労働者が急に退職し、会社に損害を与えたというケースの考え方は次のとおりである。
①賃金は全額、支給日に支払われなければならない。
②「会社に損害」を与えたというなら、会社は労働者のその行為によって、ⅰ)「いくら損害を被ったかの金額」の特定、ⅱ)前述の金額と労働者の行為との因果関係の立証を行ない、ⅲ)労働者に請求しなければならない。そして、その金額を労働者が同意するのなら、労働者が支払わなければならない。もし、労働者がこれに納得しなければ、第3者にその会社の主張の理非を尋ねなければならない。つまり、民事事件における裁判所の介入である。
③労働者が合意しない限り、「確定した債権の賃金」と「未確定な損害額」の相殺はできない。
④悪質な、事業主による労働者の足止めのための嫌がらせは、すべて労働基準法違反である。

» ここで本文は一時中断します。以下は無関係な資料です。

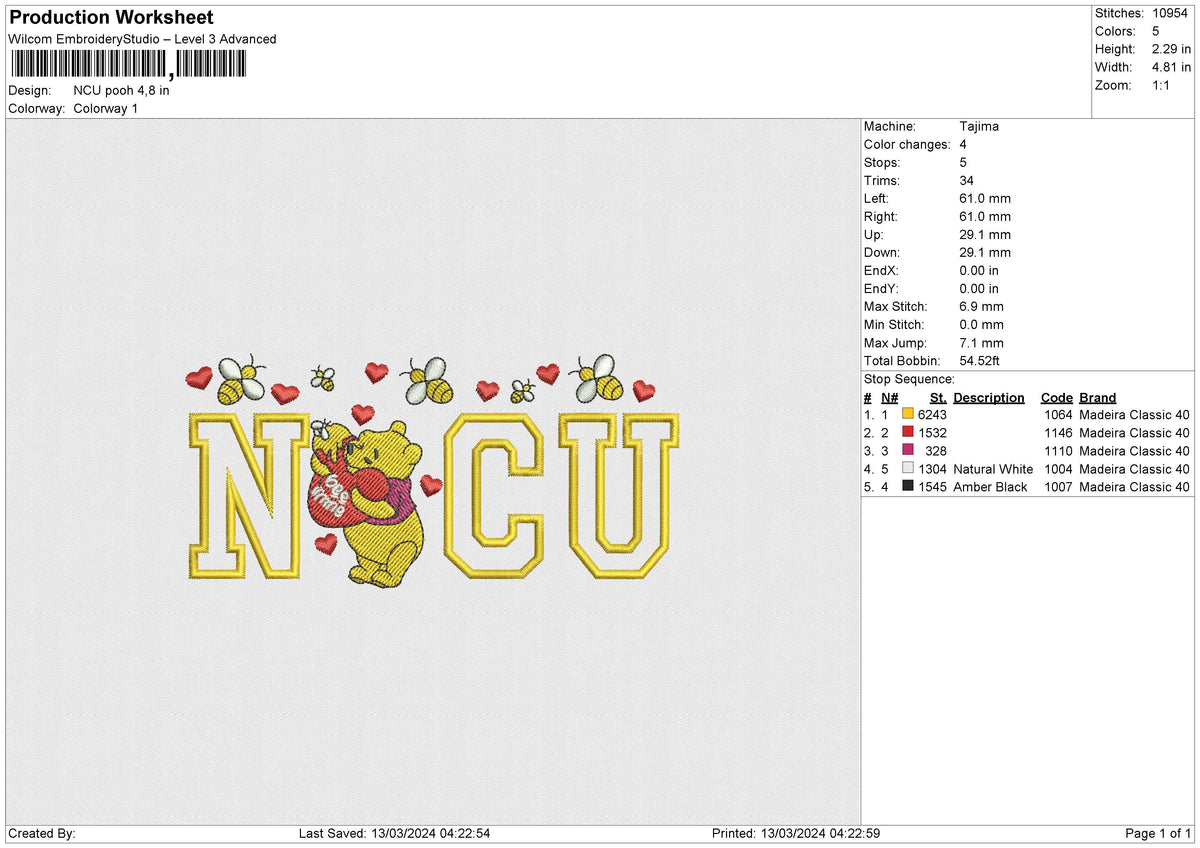 NCU Pooh Embroidery File 6 size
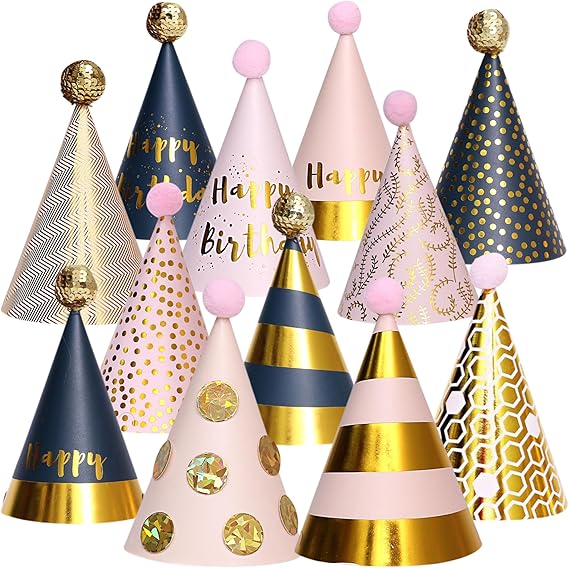 Birthday Party Hats, 12 Colorful Cone-Shaped Celebration Headwear for Memorable Parties, Elegant Accessories for Kids & Adults, Fun Birthday Party Supplies & Decorations by PixiPy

例えば、あらかじめ預かり金を徴収しておいてそれを返還しないとか、退職を認めないとかの主張は、すべて無効である。ただし、ⅰ)予告なく退職し、それが就業規則で定める制裁規定に反していた場合は 日給額の半額までは減額できる。ⅱ)賃金の締切前に辞めたことを理由に、「皆勤手当」の支払拒否はできる

労働者が本当に悪い場合もある。経営者がこれじゃ給料を払いたくないなと同情することも労働基準監督官としてはある。例えば、私が経験したことだが、飲食店(レストラン)での話だが、コックがパーティの1時間前に事業主とケンカをし、職場放棄をしてしまったため、結局店が信用を落とし、経営が傾いてしまったことがある。
これなんぞ、明らかに裁判をやれば店が勝つが、それでも給料日は所定支払日に全額支払われなければならないのだ。

今回、賃金不払いの申告のあった鎌倉の料亭は、過去に労働者による申告は1件もなかった。つまり、少なくとも過去においては、労使間のトラブルはなかったと推定される。
さて、どんな事情があるのかと、私は未処理の申告処理台帳を眺めた。